The title pretty much says it all. 

What is the best CAI kit for the 2005 GTO? I notice a _substantial_ boost in performance when the ambient air is cool and when my GTO is cool. I would like to think I could make this a little less temporary.


----------



## Xcommuter (Jun 30, 2005)

I assume your title was meant to say 2005 instead on 04. From what I read the choice is K&N or Lingenfelter but both have the disclaimer of off road use only.
As companies tool up more stuff for the 05's LS2 maybe something legal will appear.


----------



## LS2FAST (Jul 22, 2005)

I opted for the Lingenfelter. Reasons:

1.) A heat shield comes with the kit.
2.) Plus the following Quote from Lingenfelter:
_The Lingenfelter high performance Pontiac GTO air intake provides an easy to bolt-on 12 HP gain at the rear wheels. 
The easy to install, bolt on air intake system is designed to fit the 2005 GTO. This low restriction air induction system has shown in back to back testing 12 Hp, and 9 lbs ft. of torque over the stock GTO air intake system! The system is designed to provide lower temperature air from outside the engine compartment in order to maintain optimal performance. _ 
3.) Lingenfelter Specializes in this type of engine.
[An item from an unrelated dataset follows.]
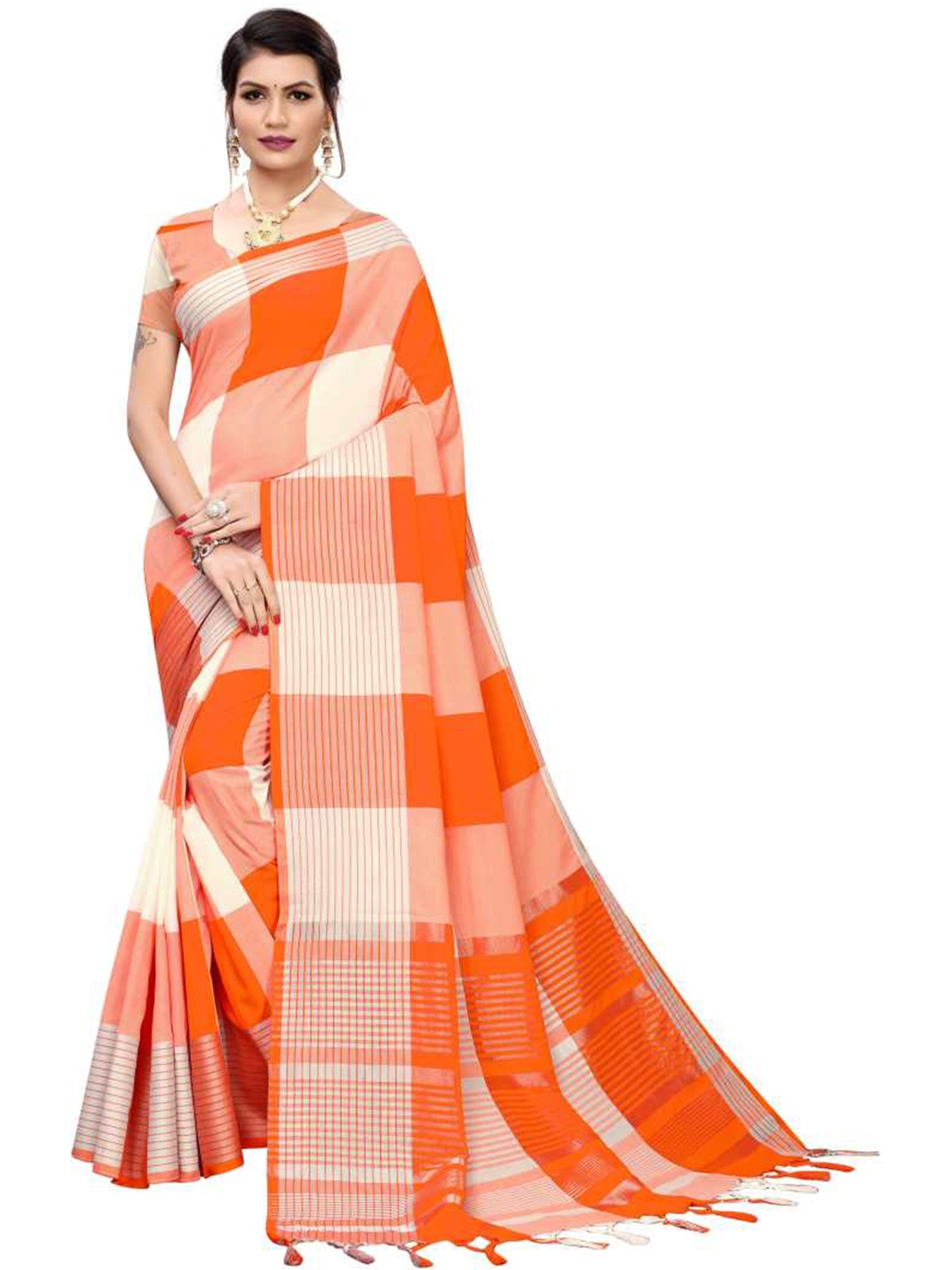 

KALINI Peach-Coloured & Orange Checked Zari Silk Blend Saree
The K&N estimates a 13.5HP gain but at the engine and not at the rear wheels. K&N also uses a new intake tube, they claim the factory airpath to be too restrictive, however this is based on all vehicles, and is applied to the GTO.

I am sure they are both good, I just prefered going with Lingenfelter since they did real world testing and they DO specialize in this engine.

Everyone here will get different results and have different opinions. Thats just my 2-cents. :cool


----------